彼女らくらいの年齢でも、敵ならば容赦はしない。逆に味方であった場合、非力すぎて足手まといにしかならないのだ。
「私は···周りから、あなたに謝罪をするように言われた。でも、それが本当に正しいことかどうか、わからない。服を燃やしたことで、あなたが集落のみんなに危害を加えると言うのなら···私を好きにすれば良い。それで、許してくれとは言わないけど···私の行いで、あなたが気分を害しているのなら···。」
悔しさや、どうして良いかわからない歯痒さからか、ティーファは泣き出した。
だが、泣き崩れることなく、じっと俺を見ている。
俺と敵対することが不利益につながると判断した奴らが、彼女に罪を被せて人身御供にしたということか。
どこの世界でも共通の、良識のある大人達の政治的配慮、もしくは英断というやつだ。
大を守るために、小を切り捨てる。
ご立派過ぎて反吐が出る。
「そうか··じゃあ、やって欲しいことがある。」
「···何···ですか?」
ティーファは、わかりやすく怯えた顔をした。膝がガクガクと震え、隣のアレックスは唇を噛み、拳を握り締めている。
なんだ···アレックスは頭のイタイ子なのかと思っていたが、ティーファに付き添ってきた友達想いの奴なのか···な?と思えた。
こういった場合の定番の要求など、普通に考えれば想像がつく。そりゃあ、この年頃の女の子にすれば、恐怖でしかないだろうな。

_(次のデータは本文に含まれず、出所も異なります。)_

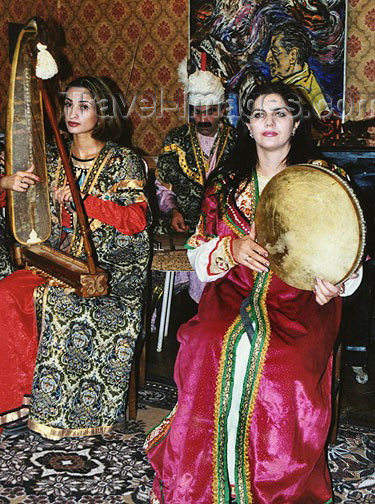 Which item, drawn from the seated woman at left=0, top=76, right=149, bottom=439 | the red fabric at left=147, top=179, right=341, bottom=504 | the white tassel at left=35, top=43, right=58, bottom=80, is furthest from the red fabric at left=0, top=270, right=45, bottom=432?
the white tassel at left=35, top=43, right=58, bottom=80

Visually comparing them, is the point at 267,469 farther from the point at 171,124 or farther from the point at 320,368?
the point at 171,124

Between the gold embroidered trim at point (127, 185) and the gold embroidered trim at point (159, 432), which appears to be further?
the gold embroidered trim at point (127, 185)

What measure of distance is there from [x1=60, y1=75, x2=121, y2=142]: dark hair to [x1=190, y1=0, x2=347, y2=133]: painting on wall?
2745 mm

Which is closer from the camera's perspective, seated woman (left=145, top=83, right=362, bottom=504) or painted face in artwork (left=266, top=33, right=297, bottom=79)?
seated woman (left=145, top=83, right=362, bottom=504)

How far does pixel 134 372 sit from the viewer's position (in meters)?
3.21

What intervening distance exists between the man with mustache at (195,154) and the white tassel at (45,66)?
1731 millimetres

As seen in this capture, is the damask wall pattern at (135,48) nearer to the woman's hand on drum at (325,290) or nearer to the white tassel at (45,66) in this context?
the white tassel at (45,66)

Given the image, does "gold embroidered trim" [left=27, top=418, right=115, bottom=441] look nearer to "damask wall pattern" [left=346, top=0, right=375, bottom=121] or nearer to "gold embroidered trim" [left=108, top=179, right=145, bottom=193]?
"gold embroidered trim" [left=108, top=179, right=145, bottom=193]

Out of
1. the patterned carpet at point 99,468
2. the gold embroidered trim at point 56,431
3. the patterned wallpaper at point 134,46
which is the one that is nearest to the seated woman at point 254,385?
the patterned carpet at point 99,468

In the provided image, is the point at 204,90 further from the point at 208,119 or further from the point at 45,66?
the point at 45,66

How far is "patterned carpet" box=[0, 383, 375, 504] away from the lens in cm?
257

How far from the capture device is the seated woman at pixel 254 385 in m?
2.29

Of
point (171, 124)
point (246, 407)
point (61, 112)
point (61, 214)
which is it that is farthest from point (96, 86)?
point (171, 124)

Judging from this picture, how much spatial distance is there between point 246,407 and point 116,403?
0.91 meters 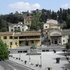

「いろんなことを学び、死に物狂いで強くなれ。世の中の理不尽に打ち勝って、自分の信念を貫けるように。」
自分の言葉にムカついたのは内緒だ。
エージェント時代に、俺が果たせなかったことを押しつけようとしている。
こちらの世界に来てから、ようやく理解をしたのだ。力が正義なら、誰にも負けない力を持つしかない。一介のエージェントでは、臨むことのできない力。
相手が国だろうが、神だろうが、対等に渡り合える武力、知力、胆力など、あらゆる力を。
「···それ···だけ?」
唖然とした表情で、しばらく沈黙を続けていたティーファが問いかけてきた。
「それだけで良い。ただ、簡単なことじゃない。」
「鍛えて···もらえるのですか?」
「そんな義理はないな。自力でやってくれ。」
本音で言えば、自分の理想論を押しつけ、
それでも、ティーファとアレックスは、深々と頭を下げて去っていく。
そして、その後、俺は覗き見をしていた別の2人に声をかけることになる。